I agree with Gary's choices: Zorcerer of Zo, Conan, Pendragon, and (to an extent) Ars Magica. There are certain aspects of Glorantha (RuneQuest) and Yrth (GURPS Banestorm) I like, and something tells me I should get around to reading Mythic Russia soon.
At the risk of repeating stuff I've written on other threads, here are my current criteria for an interesting game world:
- The world should resemble to actual myths, legends, fairy tales, or pre-D&D fantasy literature. All the worlds above follow this pattern to a certain extent. Glorantha invents its own multilayered myths and legends; Yrth assumes that medieval humans dropped into a fantasy world, bringing their own cultures and beliefs with them.
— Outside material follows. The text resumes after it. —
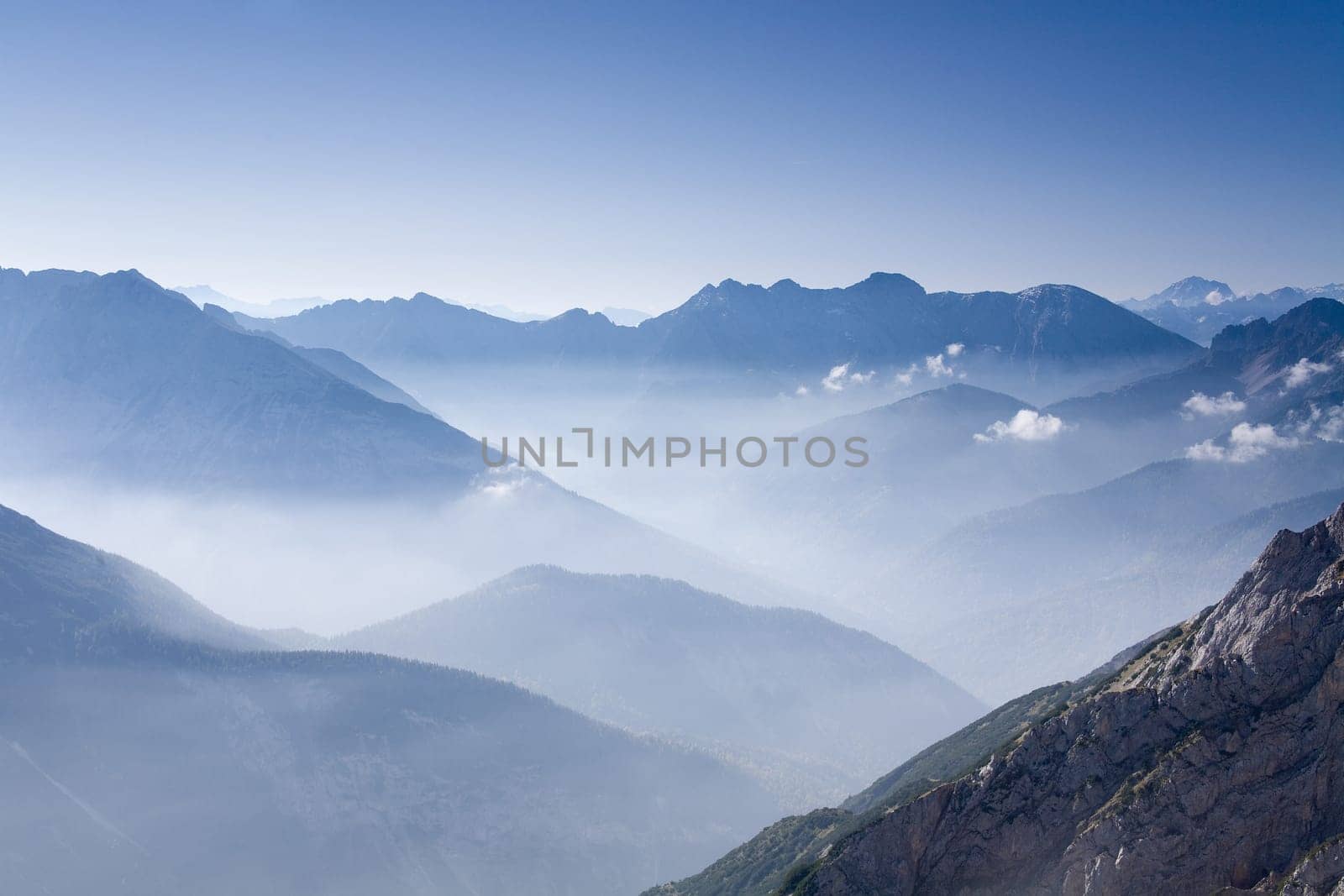 An October morning on the Karwendel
- Players should have more to do than clearing out unexplained ruins; the world should provide a variety of plausible cultures, well-defined political and social entities, and ongoing conflicts. Conan and Glorantha have that in spades, and the European-based ones leverage historical cultures in conflict: Celts vs. Saxons, Christians vs. Muslims, nobles vs. other nobles ...
- Magic should be a mysterious and ill-defined force, not a technology. As a corollary, magic-users should be rare, and usually NPCs ... unless all the PCs have magical or superhuman powers as in fairy tales and myths. (Ars Magica sort of fails this test, but at least it acknowledges that people who can command the forces of nature are way more powerful than even the strongest/fastest/smartest people who cannot.)
- Religions should resemble to some extent the religions of our world, and magic (if it exists) should be tied somehow into the gods or a religious cosmology. I particularly like Pendragon, Yrth and Mythic Europe because, if you're going to have medieval Europeans, you have to have the Church in some form or another.
- Non-humans should really be not human, and not humans with pointy ears and a few stereotyped personality traits. Glorantha's Aldryami, Mostali, Uz, and Dragonewts have particularly inhuman physiology and alien mindsets. The Faerie of Mythic Europe and Pendragon rely on Celtic and European folklore, not Tolkien. Counterexample: the people of Zo really *are* humans in animal suits, but somehow it works.
Last edited by fmitchell; 10-25-2007 at 07:33 PM.
"On two occasions I have been asked [by members of Parliament], 'Pray, Mr. Babbage, if you put into the machine wrong figures, will the right answers come out?' I am not able rightly to apprehend the kind of confusion of ideas that could provoke such a question."